No genialne połączenie

Szkoda że ja nie mam tyle przestrzeni w domu.Tak,rzeczy spadające z półek albo przesuwane dupką kiedy kot akurat chce się tam położyć a miejsca za mało.Chociaż ja zawsze trochę truchleję przy tych galopach, bo mieliśmy kiedyś nieprzyjemny incydent.

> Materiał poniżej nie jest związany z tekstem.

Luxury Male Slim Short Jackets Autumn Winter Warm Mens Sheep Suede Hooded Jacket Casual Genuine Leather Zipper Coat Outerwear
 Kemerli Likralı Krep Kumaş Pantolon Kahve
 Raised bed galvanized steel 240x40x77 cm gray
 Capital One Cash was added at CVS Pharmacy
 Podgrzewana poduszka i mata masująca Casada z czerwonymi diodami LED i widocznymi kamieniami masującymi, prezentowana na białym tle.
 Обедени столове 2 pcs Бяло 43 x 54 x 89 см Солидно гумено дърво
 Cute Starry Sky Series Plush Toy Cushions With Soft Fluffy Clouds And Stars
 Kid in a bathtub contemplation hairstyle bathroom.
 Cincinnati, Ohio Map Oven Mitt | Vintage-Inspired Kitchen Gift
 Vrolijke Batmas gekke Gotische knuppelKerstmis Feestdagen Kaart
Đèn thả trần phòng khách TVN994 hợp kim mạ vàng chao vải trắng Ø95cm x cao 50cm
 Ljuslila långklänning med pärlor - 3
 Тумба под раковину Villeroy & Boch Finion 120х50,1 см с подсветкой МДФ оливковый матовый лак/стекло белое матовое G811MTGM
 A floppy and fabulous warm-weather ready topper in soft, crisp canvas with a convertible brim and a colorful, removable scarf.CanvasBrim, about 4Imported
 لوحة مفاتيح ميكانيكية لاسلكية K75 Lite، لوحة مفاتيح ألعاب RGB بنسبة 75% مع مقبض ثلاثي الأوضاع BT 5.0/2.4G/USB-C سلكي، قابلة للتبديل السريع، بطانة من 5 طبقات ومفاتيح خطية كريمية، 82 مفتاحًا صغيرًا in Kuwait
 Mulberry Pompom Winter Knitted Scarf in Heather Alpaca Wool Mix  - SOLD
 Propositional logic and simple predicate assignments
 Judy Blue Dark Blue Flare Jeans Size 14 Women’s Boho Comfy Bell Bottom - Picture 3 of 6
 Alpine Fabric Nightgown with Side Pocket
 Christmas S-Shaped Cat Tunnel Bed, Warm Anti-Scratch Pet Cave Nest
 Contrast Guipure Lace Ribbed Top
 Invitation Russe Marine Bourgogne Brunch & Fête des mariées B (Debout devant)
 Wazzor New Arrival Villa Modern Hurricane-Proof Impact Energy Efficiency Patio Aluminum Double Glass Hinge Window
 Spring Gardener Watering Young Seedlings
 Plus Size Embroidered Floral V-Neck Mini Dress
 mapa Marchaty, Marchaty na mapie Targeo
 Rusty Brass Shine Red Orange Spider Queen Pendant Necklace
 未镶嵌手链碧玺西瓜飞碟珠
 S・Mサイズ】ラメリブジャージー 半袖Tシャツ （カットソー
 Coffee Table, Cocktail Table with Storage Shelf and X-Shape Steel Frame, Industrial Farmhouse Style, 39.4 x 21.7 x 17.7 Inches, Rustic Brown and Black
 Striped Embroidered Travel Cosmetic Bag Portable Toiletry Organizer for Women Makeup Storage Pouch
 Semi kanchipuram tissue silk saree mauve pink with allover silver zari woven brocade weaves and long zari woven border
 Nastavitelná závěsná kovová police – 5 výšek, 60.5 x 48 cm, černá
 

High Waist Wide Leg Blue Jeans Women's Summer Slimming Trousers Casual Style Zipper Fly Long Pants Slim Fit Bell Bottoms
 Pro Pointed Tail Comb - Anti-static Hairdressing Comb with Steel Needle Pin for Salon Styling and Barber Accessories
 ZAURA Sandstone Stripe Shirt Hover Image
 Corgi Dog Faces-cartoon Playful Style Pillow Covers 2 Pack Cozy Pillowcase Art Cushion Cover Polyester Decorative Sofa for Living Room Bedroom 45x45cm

Micia z rozpędu chciała wskoczyć na szafkę i coś źle wymierzyła i spadła,tzn bardziej obsunęła się po drzwiczkach łapkami.I bardzo ją to wystraszyło,tak jakby myślała że coś ją zaatakowało i zepchnęło.Caly czas rozglądała się dookoła z przerażeniem, jadła jak dziki kot, też cały czas się oglądając,bała się wejść do kuwety, bała się nawet fałdki na kołdrze.Weterynarz obmacał ją, sprawdził odruchy i źrenice,a że kot kompletnie niewspółpracujący i nawet do pobrania krwi musiała być w lekkiej narkozie to dał trzy zastrzyki,w tym z witaminą b - oj jak kot się skarzył że strasznie łapka boli po tym- i przepisał vinpocetyne w tabletkach.Powiedział że to może być wszystko, zaburzenia neurologiczne,uraz jakiś po upadku i kazał dawać leki i obserwować.Ja dokupiłam jeszcze feliway do kontaktu i na szczęście przeszło.Kotka nadal bierze leki,też z racji wieku i od ponad roku nic takiego się nie powtórzyło.